__Extracted records__:
------
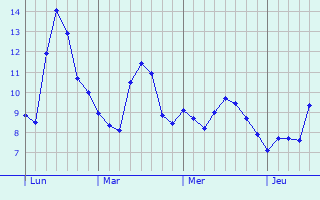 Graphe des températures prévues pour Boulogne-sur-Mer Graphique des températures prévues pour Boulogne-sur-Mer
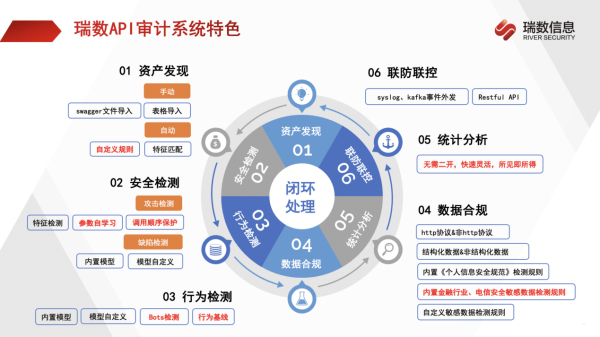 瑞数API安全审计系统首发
------
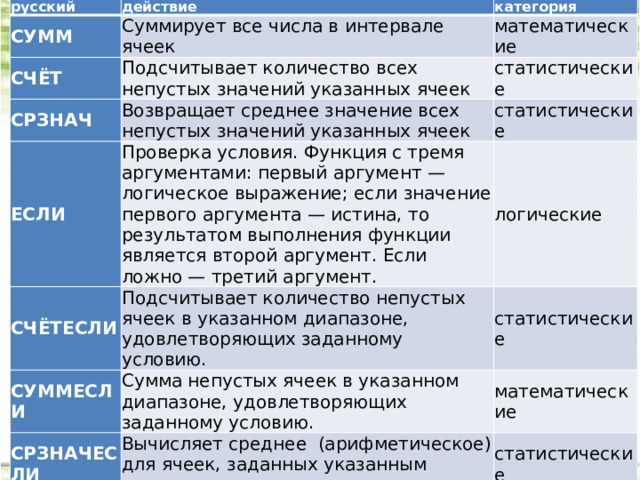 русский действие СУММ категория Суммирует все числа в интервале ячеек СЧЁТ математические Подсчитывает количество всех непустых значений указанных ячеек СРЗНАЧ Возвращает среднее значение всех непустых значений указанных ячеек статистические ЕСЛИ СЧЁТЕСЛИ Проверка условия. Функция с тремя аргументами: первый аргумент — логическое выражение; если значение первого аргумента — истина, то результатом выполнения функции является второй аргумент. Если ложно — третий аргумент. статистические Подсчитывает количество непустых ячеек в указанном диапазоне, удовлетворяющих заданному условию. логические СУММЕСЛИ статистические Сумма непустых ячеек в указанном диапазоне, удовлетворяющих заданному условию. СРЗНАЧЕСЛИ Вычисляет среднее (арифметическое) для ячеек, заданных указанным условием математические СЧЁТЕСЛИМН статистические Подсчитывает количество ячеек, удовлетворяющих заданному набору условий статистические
------
__Exercise brief__: For this exercise, return exactly the lines above from the line with "Graphe des températures" through the line with "瑞数API安全审计系统首发", both included. Do not copy the pictures.

__Answer__:
 Graphe des températures prévues pour Boulogne-sur-Mer Graphique des températures prévues pour Boulogne-sur-Mer
 瑞数API安全审计系统首发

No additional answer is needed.